Sunday, October 6, 2013

Writing Tools

In the good old days, sonny, long before we  had these new-fangled things like pens and paper we authors would just sit around the fire and tell our stories, or repeat some favorite told by others and usually with some slight modifications to improve rhyme or meter.  The only tools we needed back then were a good memory and a lack of shame.

Things change and now we have keyboards and screens, software and hardware, and the intellectual wealth of humanity at our fingertips. Any one of us could scribe a tale or repeat (albeit in different words) many-told stories. Whether we are successful at this or not depends largely on our level of story-telling skills and our tools - and our lack of shame, of course.
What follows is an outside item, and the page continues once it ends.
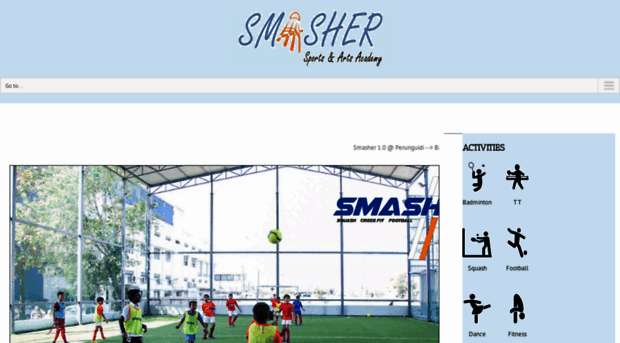 smashersportsacademy.com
Whoa: TOOLS? What does an author need save some place to record thoughts and dreams aside from the writing tools themselves - keyboards, blank screens, and software (and yes, there is still a place for pen and paper, kids)?  The answer depends on how hard a writer wants to work and the process they use to build the tale.

The finest tool at any writer's disposal is  the ability to plot - to lay out a story in a continuous thread that's easily followed by readers to a conclusion of some sort. Whether you build the plot as an outline, draw a network diagram, create a complex spreadsheet/database, or simply sketch it out on a page or two is a matter or personal choice. There are many free and costly software tools that facilitate doing each these tasks and each requires some degree of familiarity and skill before producing the best results.

Just as a chisel will not turn you into a sculptor, a paint brush an artist, neither will any writing tool somehow grant you magical powers of story creation.

That comes only from your imagination and intelligence.